▶ Short web captions
- - - - -
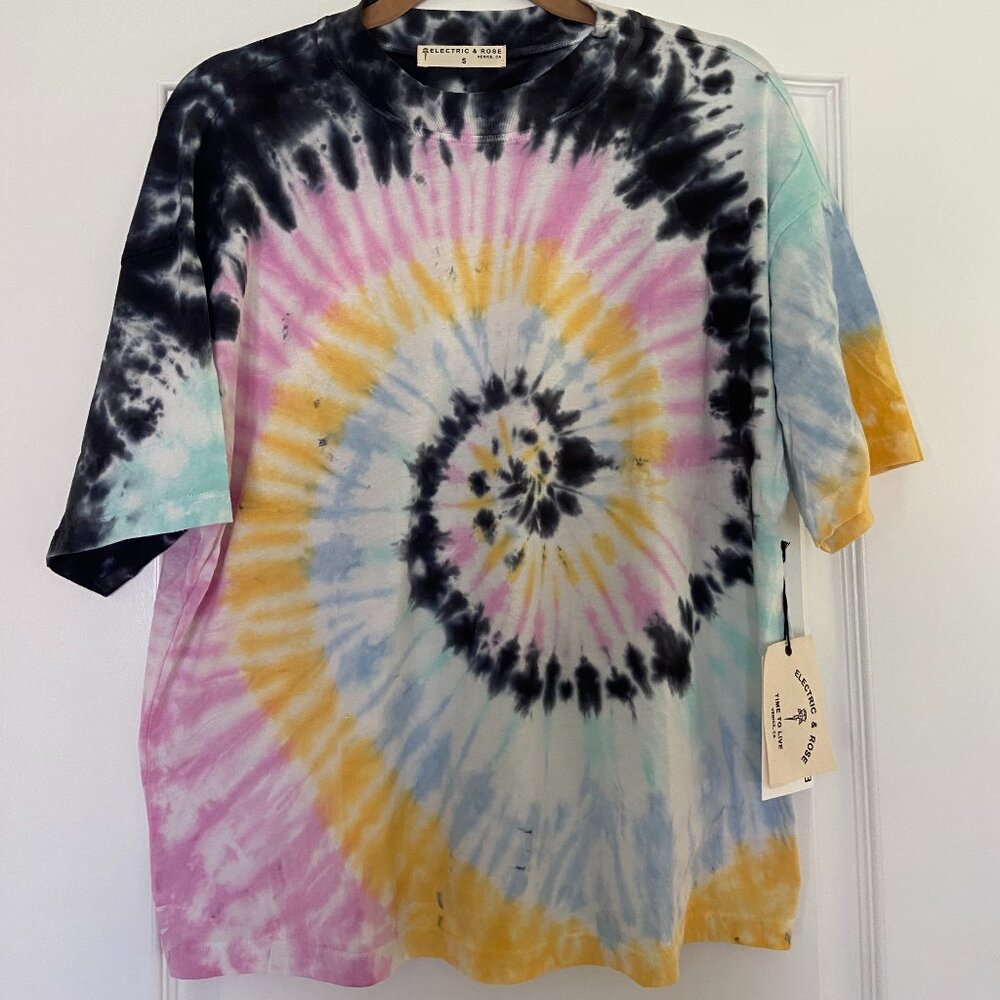 Electric & Rose T-Shirt Size S NWT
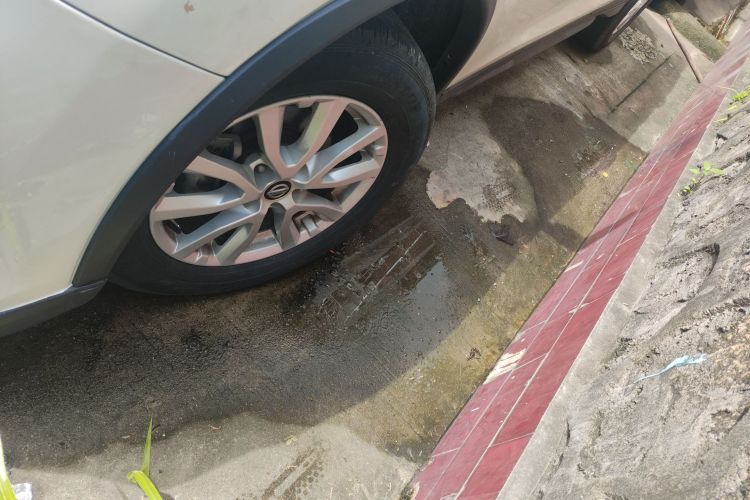 日产 奇骏 2019款 2.0L CVT智联舒适版 2WD车身外观35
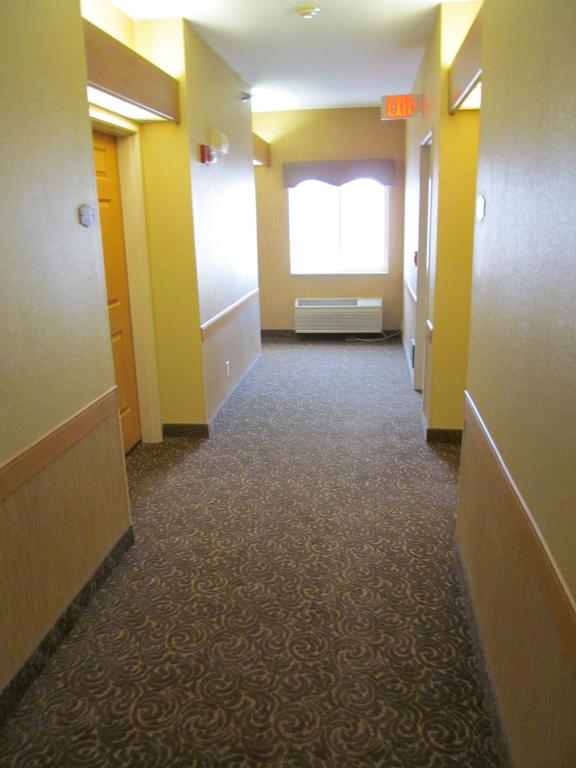 Expressway Suites of Bismarck - image 5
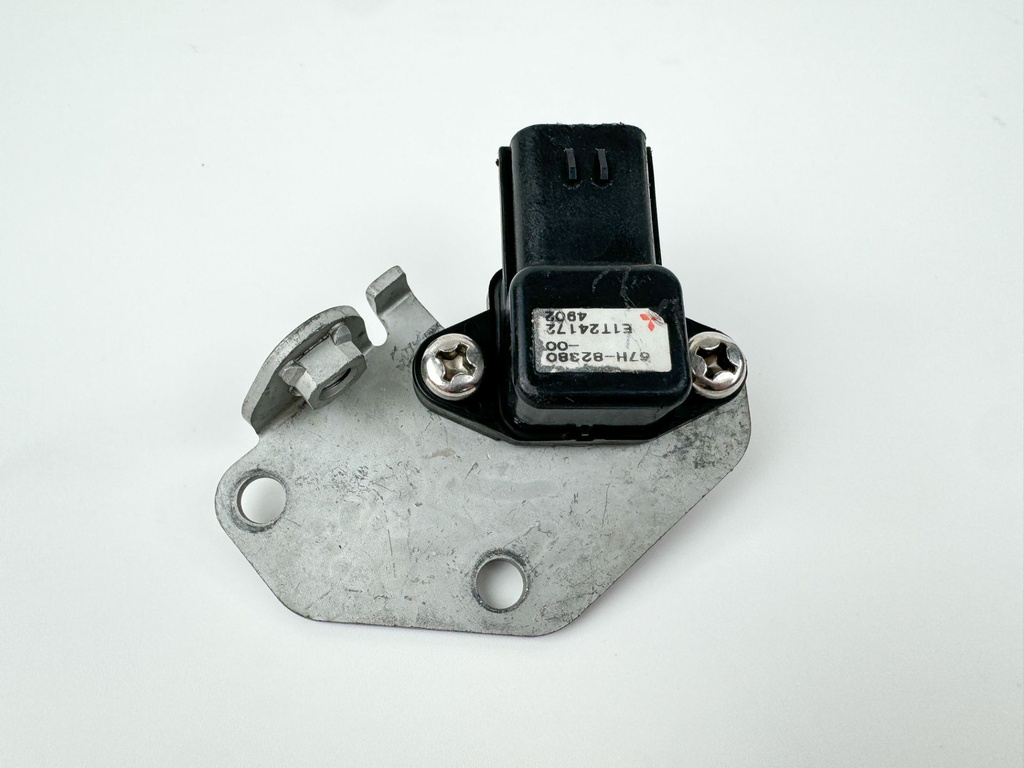 2005 Yamaha 250 HP 2 Stroke Outboard MAP Pressure Sensor 67H-82380-00-00 OEM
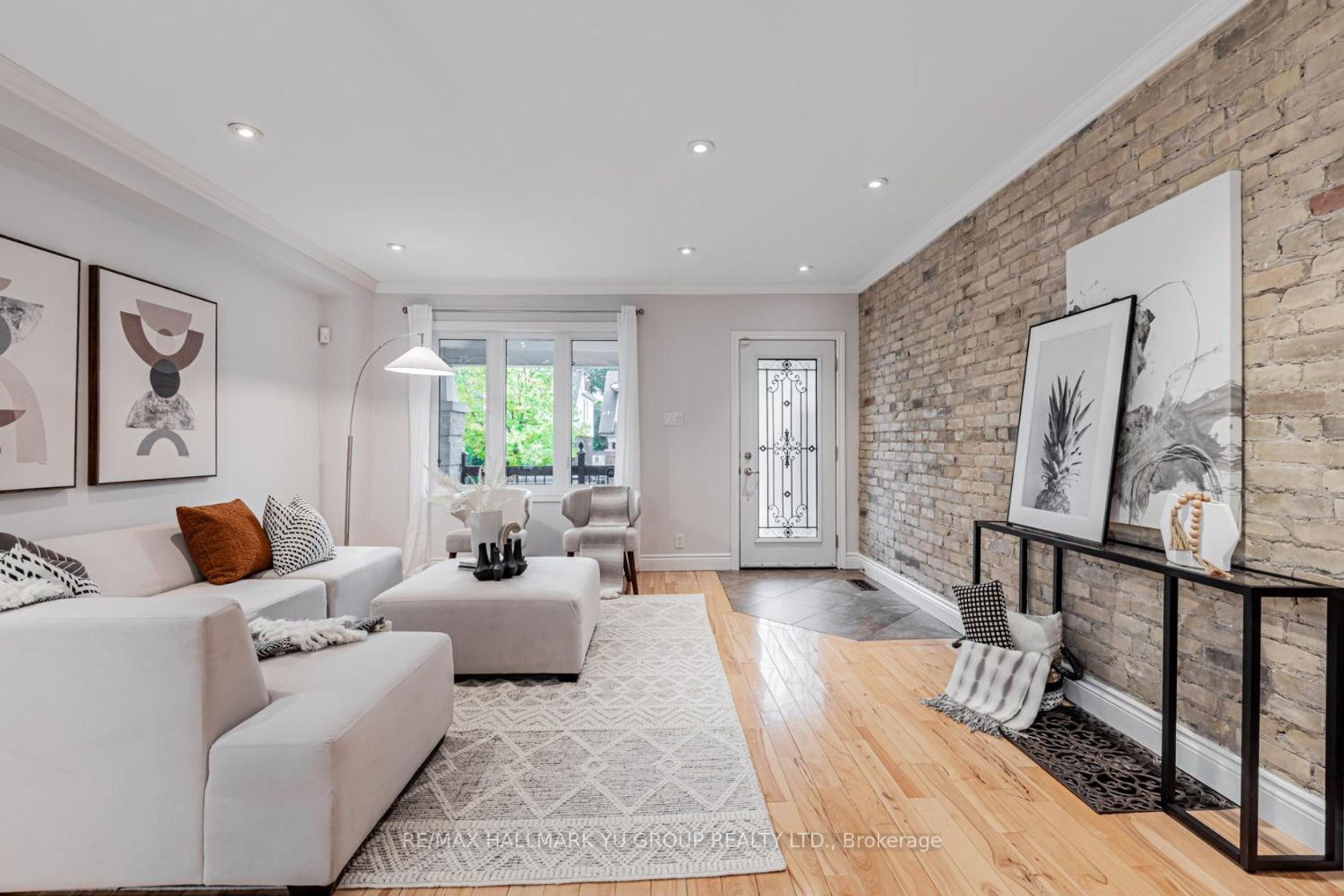 Photo 2 at 402 Milverton Boulevard, Danforth, Toronto Photo 2 at 402 Milverton Boulevard, Danforth, Toronto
- - - - -
▶ WHAT IS NEEDED
Write out every line above exactly as it is, leaving out the pictures.

▶ TASK SOLUTION
 Electric & Rose T-Shirt Size S NWT
 日产 奇骏 2019款 2.0L CVT智联舒适版 2WD车身外观35
 Expressway Suites of Bismarck - image 5
 2005 Yamaha 250 HP 2 Stroke Outboard MAP Pressure Sensor 67H-82380-00-00 OEM
 Photo 2 at 402 Milverton Boulevard, Danforth, Toronto Photo 2 at 402 Milverton Boulevard, Danforth, Toronto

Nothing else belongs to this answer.